Input MMF is optional. Support of the input MMF is declared via bit-2 of the Setup Parameter bitmap.

Feedback Track

Track Definition The Feedback Track is a normal MoQ Track where the Payload of each Object is an MMF. Each MMF is published as an independent Object with monotonically increasing Object ID within a Group. The Group division strategy for Feedback Track is implementation-defined. It is RECOMMENDED to use a single Group (Group ID = 0) with continuously incrementing Object IDs to simplify implementation. Each Feedback Track MUST be associated 1:1 with a media Track. The association is established during the PUBLISH phase (Section 4.3) and is not repeated in MMF reports. When feedback is needed for multiple media Tracks, independent Feedback Tracks MUST be established separately.
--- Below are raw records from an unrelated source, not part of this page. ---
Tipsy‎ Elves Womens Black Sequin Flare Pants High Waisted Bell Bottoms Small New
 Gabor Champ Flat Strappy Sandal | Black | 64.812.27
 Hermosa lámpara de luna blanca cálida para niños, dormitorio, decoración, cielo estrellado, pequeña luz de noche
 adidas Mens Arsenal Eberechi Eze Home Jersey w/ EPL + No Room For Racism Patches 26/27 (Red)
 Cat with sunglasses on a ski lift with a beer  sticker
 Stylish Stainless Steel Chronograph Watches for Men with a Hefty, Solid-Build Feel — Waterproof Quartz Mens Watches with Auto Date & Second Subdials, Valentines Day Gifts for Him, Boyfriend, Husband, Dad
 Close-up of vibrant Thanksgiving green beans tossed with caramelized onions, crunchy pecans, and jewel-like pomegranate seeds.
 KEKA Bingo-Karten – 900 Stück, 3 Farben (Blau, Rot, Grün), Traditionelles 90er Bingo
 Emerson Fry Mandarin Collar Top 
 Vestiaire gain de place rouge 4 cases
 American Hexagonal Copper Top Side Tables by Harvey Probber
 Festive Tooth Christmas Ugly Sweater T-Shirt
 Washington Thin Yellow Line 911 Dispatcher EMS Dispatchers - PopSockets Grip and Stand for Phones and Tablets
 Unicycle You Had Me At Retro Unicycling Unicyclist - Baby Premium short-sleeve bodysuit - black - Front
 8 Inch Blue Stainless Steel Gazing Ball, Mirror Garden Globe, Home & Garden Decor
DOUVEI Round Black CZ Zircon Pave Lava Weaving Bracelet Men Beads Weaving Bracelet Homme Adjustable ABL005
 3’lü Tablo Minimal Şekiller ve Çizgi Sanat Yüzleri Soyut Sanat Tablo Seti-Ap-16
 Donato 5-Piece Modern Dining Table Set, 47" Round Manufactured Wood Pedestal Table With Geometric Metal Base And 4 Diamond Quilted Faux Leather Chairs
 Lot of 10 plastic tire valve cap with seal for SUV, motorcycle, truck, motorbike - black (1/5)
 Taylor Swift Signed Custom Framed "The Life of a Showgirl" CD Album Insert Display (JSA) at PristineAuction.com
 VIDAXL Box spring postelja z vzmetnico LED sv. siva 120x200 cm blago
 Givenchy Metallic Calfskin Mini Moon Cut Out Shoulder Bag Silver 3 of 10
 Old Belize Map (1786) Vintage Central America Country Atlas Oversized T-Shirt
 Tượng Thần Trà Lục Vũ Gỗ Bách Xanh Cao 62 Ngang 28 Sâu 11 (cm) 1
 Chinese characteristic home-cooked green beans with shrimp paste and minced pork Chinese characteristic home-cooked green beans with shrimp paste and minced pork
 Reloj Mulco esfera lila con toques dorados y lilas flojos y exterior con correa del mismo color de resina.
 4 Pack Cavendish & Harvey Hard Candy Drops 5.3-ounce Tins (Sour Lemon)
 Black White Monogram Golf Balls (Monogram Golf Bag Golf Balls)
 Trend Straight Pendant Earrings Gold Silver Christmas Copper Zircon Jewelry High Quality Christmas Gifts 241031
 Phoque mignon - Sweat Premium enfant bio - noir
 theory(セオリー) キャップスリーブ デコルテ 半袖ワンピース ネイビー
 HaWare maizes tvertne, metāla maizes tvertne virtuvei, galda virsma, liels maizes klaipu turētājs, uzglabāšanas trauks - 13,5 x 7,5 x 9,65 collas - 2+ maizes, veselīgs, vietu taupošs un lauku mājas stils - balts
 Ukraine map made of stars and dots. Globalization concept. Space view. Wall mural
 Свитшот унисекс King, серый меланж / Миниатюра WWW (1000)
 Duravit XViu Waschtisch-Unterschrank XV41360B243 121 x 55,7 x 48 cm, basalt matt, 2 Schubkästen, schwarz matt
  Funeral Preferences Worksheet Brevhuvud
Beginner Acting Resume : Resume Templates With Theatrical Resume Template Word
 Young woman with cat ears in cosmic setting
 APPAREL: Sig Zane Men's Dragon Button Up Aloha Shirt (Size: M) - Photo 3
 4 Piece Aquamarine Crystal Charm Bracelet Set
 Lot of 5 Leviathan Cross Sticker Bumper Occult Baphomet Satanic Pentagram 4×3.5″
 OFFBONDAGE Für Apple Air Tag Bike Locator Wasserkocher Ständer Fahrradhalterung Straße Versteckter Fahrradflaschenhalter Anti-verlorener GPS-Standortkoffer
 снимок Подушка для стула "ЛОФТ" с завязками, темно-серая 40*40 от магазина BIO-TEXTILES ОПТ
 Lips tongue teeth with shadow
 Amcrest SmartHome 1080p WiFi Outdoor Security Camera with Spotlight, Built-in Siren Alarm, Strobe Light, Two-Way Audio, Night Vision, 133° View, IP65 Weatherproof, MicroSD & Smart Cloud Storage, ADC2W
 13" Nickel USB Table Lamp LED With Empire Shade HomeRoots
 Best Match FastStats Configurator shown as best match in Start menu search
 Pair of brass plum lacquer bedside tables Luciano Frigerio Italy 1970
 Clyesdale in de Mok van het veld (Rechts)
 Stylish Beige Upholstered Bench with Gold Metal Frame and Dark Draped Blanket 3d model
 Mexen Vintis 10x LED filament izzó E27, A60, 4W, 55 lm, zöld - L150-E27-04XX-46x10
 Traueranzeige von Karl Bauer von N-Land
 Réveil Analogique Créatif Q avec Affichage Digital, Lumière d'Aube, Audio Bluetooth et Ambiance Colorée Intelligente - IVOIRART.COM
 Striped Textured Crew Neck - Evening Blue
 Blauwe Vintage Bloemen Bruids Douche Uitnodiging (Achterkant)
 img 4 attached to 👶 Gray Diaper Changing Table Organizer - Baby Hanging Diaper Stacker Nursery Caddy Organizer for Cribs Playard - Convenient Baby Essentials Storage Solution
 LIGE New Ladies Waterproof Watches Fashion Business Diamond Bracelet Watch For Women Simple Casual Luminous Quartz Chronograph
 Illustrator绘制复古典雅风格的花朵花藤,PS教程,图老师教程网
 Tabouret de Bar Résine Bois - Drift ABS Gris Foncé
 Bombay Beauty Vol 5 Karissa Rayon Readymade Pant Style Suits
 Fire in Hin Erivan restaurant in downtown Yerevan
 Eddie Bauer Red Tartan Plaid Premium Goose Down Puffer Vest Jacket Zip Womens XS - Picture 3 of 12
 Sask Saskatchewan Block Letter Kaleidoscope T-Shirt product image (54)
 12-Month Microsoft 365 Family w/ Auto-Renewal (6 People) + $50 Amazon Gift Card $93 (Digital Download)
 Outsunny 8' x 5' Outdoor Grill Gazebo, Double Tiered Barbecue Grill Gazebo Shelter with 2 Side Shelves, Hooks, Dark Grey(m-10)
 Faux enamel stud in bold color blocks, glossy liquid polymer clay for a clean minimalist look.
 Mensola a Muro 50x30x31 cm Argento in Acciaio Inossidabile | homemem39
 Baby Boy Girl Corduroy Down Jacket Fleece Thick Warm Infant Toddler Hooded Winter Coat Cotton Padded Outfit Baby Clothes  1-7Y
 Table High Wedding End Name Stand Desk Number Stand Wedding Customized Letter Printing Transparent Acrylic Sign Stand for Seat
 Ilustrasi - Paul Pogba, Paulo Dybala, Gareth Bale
Track Naming Feedback Track naming SHOULD follow these conventions:

Namespace: Same Namespace as the media Track being fed back.
Track Name: multimodal-feedback/<media_track_name>.

Examples: multimodal-feedback/audio_response, multimodal-feedback/video_response. Media Track Names MUST NOT contain the / character to avoid parsing ambiguity in Feedback Track Names. When reverse feedback exists in a session (see Section 3.4), the Input Feedback Track Name is input-feedback/<media_track_name>. When a sender receives a PUBLISH request for a Feedback Track, it MUST identify the associated media Track via the <media_track_name> portion of the Track Name. If no matching established media Track is found, it SHOULD respond with REQUEST_ERROR.

Track Establishment and Lifecycle The Feedback Track is established by the feedback generator (typically the media receiver) as Publisher through MOQT's PUBLISH / PUBLISH_OK negotiation. Establishment Flow Example: Media Receiver Media Sender (Media Subscriber / (Media Publisher / Feedback Publisher) Feedback Subscriber) | | | SUBSCRIBE(track=audio_response) | (1) Subscribe media Track |----------------------------------->| | SUBSCRIBE_OK | |<-----------------------------------| | | | PUBLISH(track=multimodal-feedback/ | (2) Publish Feedback Track | audio_response, | (Role reversal: receiver | namespace=same_as_media) | becomes feedback Publisher) |----------------------------------->| | PUBLISH_OK | |<-----------------------------------| | | | [Object: MMF seq=0] | (3) Send MMF |----------------------------------->| | [Object: MMF seq=1] | |----------------------------------->| | ... | Lifecycle Rules: The Feedback Track lifecycle SHOULD align with the subscribed media Track it covers. After the media Track publisher sends PUBLISH_DONE for the media Track, the Feedback Track publisher (i.e., the media receiver) SHOULD send PUBLISH_DONE for the Feedback Track after transmitting the final MMF and stop publishing Objects. When re-establishing a Feedback Track after connection interruption, the Report Sequence SHOULD restart from 0.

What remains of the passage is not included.